Exploring the effect of reading strategy instruction on reading comprehension has been a
critical objective of international research in recent decades [7, 11, 27, 31, 33, 34]. As Pinninti
[26, p. 27]says: "The proponents of strategy instruction assume that when readers are trained
in using reading strategies, they will become autonomous learners for a lifetime."
The importance of reading comprehension for assessing students' knowledge is strengthened
by the fact that the Organization for Economic Co-operation and Development (OECD) [25] has
placed it as one of the three critical elements of its Program for International Student
Assessment (PISA), the other two being Math and Science. PISA measurements record the weak
reading comprehension performance observed in the Greek student population in recent years
after 2000. More specifically, the latest findings of PISA 2018 concerning 15-year-olds
regarding their reading literacy reveal a mean score of 457 points compared to an average of
487 in OECD countries [25]. This irrefutable fact necessitates reforms that will lead to changes
to invert the situation.
In recent years, various scales have been developed to monitor and evaluate reading strategies
used by students. Among them, Mokhtari and Reichard [22] devised the Metacognitive
Awareness of the Reading Strategies Inventory (MARSI 1.0) to monitor and evaluate reading
strategies used by students when they study academic or school-related material. The MARSI
1.0 inventory comprises three factors: glob, prob, and sup for global, problem solving and
supportive strategies.
From the adaptation of the Metacognitive Awareness of Reading Strategies Inventory (MARSI
1.0) to a Greek secondary student population and examining the adapted instrument's
psychometric properties, the MARSI-2fGR [20] inventory emerged. This new factorial structure
with only two factors was found reliable and valid. These two factors were proposed as textor
for text-oriented reading strategies and textout for beyond text reading strategies (Appendix
A). This alternative factorization is inextricably interwoven with the Greek educational system
aligned with the Greek curriculum and syllabus, affecting the way teachers and students are
involved in the educational process [2-4, 13-14]. Despite its recent turn towards multiliteracy,
the Greek national curriculum still focuses on homogeneity [13]. Based on existing research, in
secondary education, the practice of exam-controlled teaching [32] has broadly and decisively
affected many parameters of both the teaching and learning process [1, 3, 13, 16].

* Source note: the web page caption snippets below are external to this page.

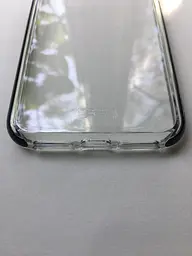 Протиударний прозорий чохол GEAR4 Piccadilly D3O з антимікробним покриттям для Google Pixel 4 (5.7") Black + Transparent - мініатюра 9
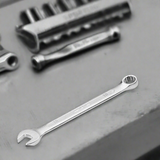 Wadfow Combination Spanners With Chrome Vanadium Steel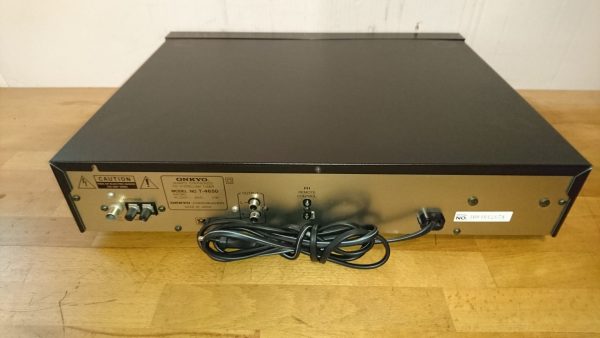 Onkyo T-4650 – Bild 3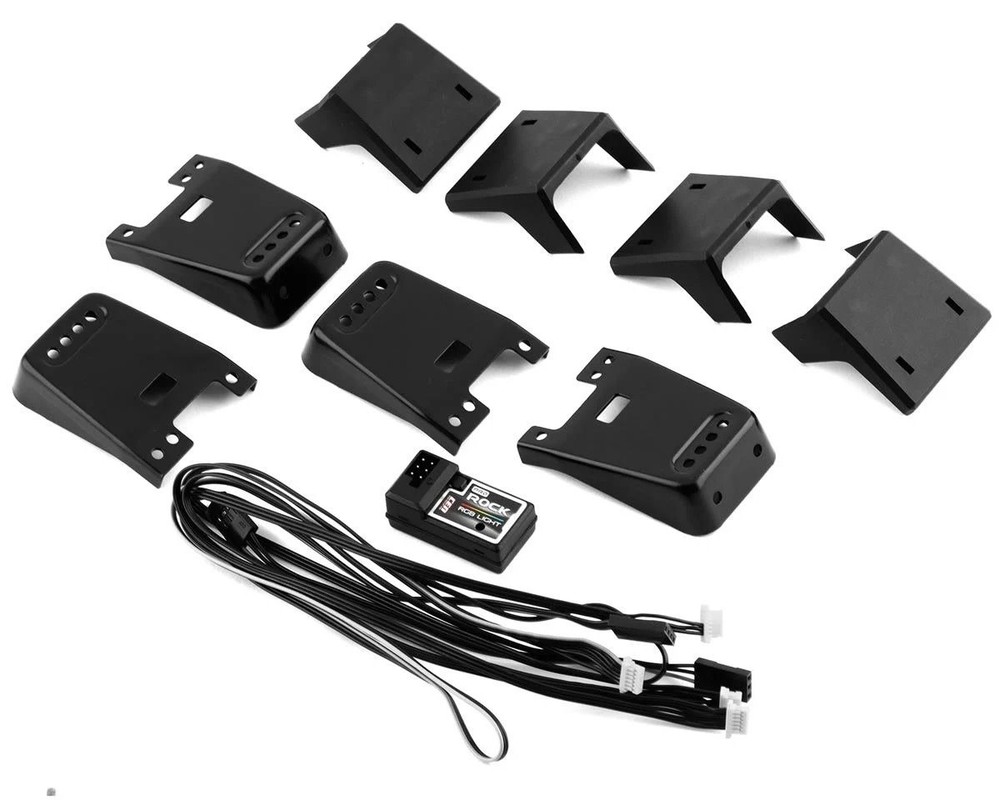 CEGCKD0801 PRO RGB LIGHT CONVERSION KIT FOR F450 CHASISS W/PRO MODULE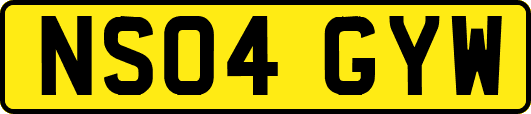 NS04GYW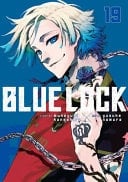 Blue Lock 19 - Muneyuki Kaneshiro · 2025
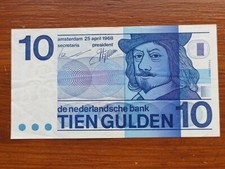 Hollande gulden 1968 d'occasion  Saint-Agrève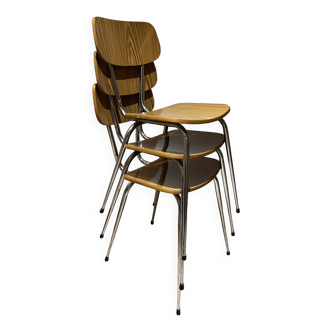 Chaises Formica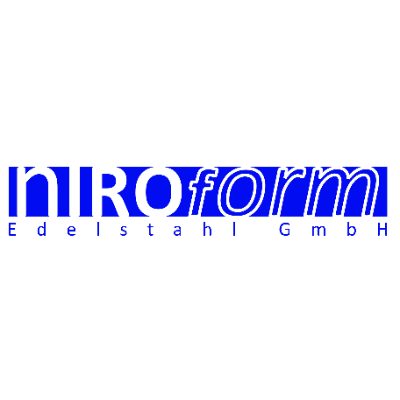 Logo der Firma NIRO–form Edelstahl GmbH aus Berlin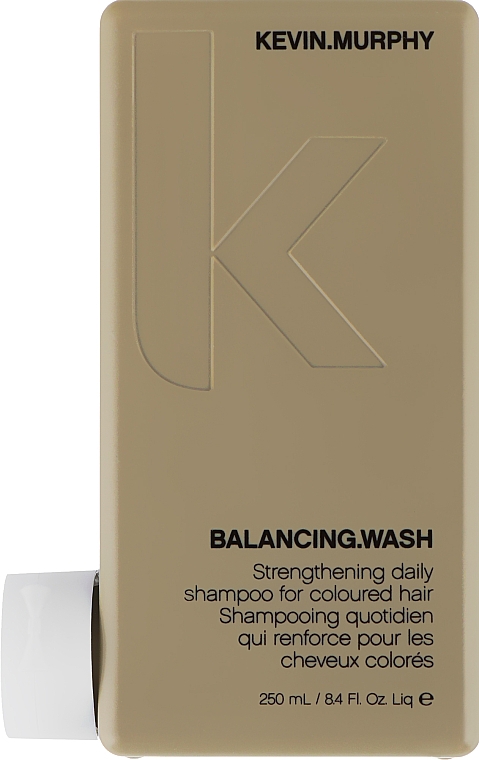 Stärkendes Shampoo für den täglichen Gebrauch - Kevin.Murphy Balancing.Wash — Bild N5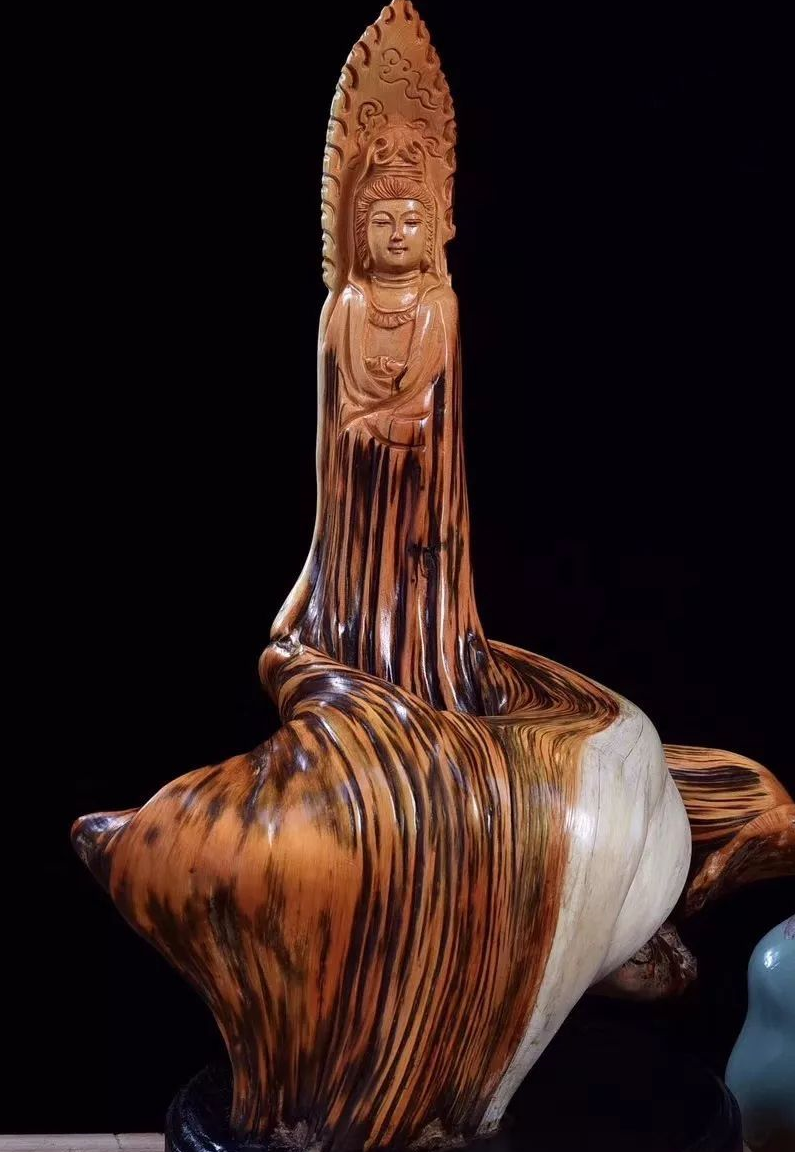 原创春节送崖柏有品味有面子高大上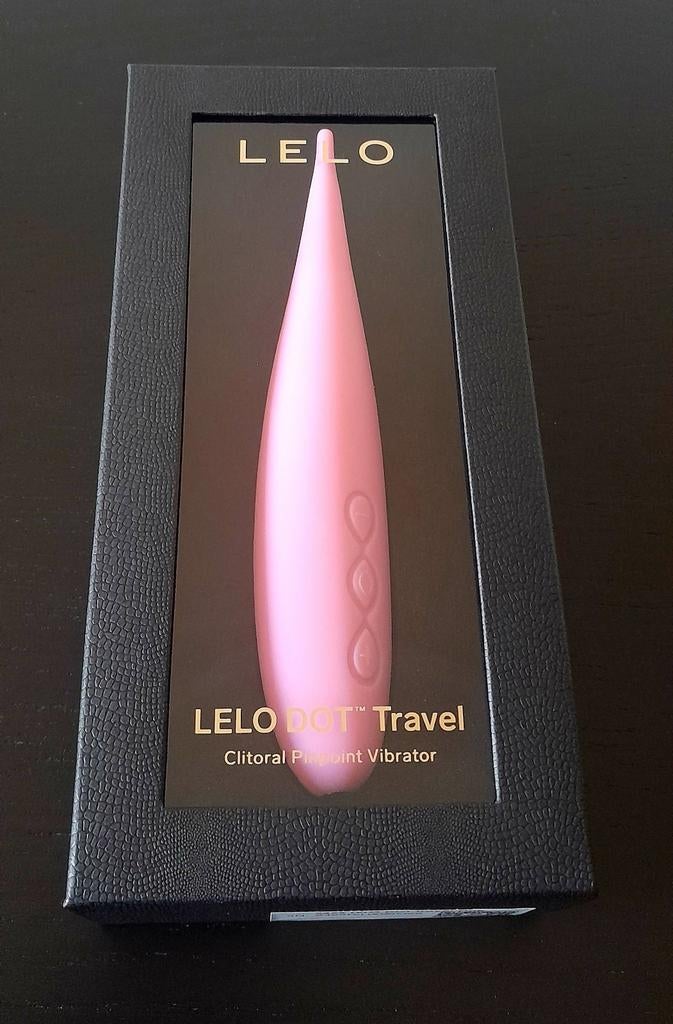Lelo Dot Travel, Ophalen of Verzenden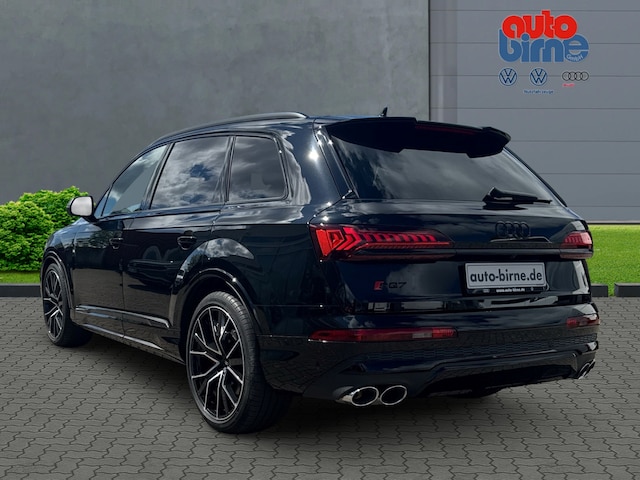 Audi SQ7 Quattro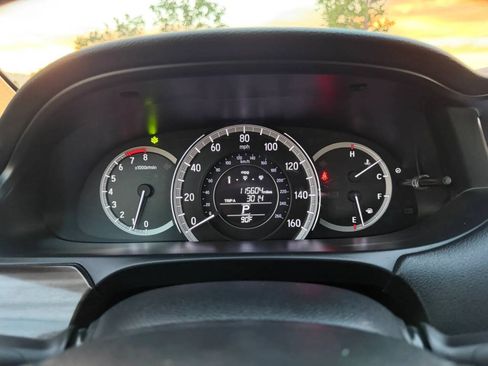 Used 2017 Honda Accord EX-L image 29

Greek students are encultured throughout their school years towards being successful exam
performers. They are urged to focus on the textbook rather than reach out to extra material.
This practice discourages them from reaching out to supplementary material and diminishes
them to mere listeners of the taught information [4-5], preparing for examinations based on
the textbook's content [2-3]. Conclusively, the way the Greek educational system is established
[3] urges students to opt for strategies that will ultimately lead them to the desired success.
Nevertheless, could those strategies be linked to broader educational parameters like computer
and foreign language literacy?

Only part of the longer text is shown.